ABSTRACT

Apart from being the name of one of Iran's 25 provinces, Kurdistan exists largely as a cultural, and increasingly political, abstract. It exists as a region within the hearts and minds of the majority of Kurds, and their sympathizers, yet this region is unlikely to be found on any academic maps, and will certainly not be found on any maps produced by the government agencies of the four countries that Kurdistan overlaps. Kurdistan's existence as a discrete area containing a fairly homogeneous population of Kurdish-speaking Indo-Europeans, cannot be doubted.
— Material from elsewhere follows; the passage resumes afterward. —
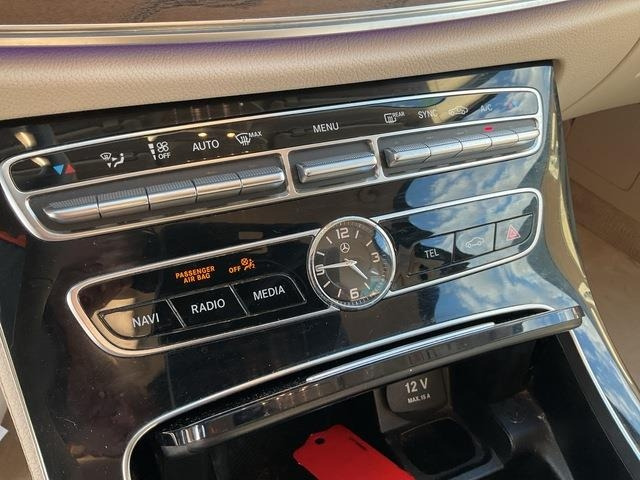 سيارة Mercedes-Benz E220D: صورة 20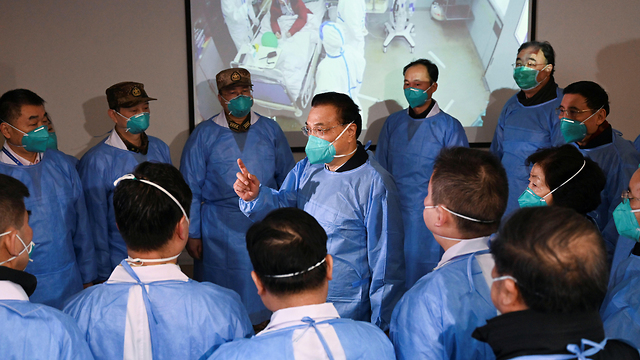 סין ווהאן ראש הממשלה לי קצ'יאנג עם צוות רפואי ב בית החולים בעיר נגיף קורונה (צילום: רויטרס)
Indeed such an area has been recognized, documented and mapped by outsiders for over 100 years.1 The Sharafnameh, an epic history of the Kurdish people between 1290 and 1596, written by Sharaf Khan Bitlisi in 1596, probably contained the first indigenous attempt at defining the limits of Kurdistan.2 Since the 1940s, attempts have also been made by certain Kurds themselves to map the region, culminating in the adoption of a stylised map of Greater Kurdistan. This map has become almost an inalienable part of the Kurdish nationalist mythology, to the extent that many Kurds seriously believe that the area traditionally inhabited by Kurds reaches to one or more seas, giving essentially landlocked Kurdistan port cities.3 It is this question of the extent of the area that can be defined as Kurdistan and of its exact borders that is probably the most vexing even for Kurds. Kurds share, since the time of the venerable Sharaf Khan, a predilection for exaggerating their numbers and their area of habitation, both historically and in the present time. Their host countries, currently Iran, Iraq, Syria and Turkey, similarly share a predilection for underestimating and even falsifying the Kurds' numbers and habitat. All of these states have at various times made their own attempts at reducing the Kurdish population, either absolutely or just within the zone of Kurdistan itself.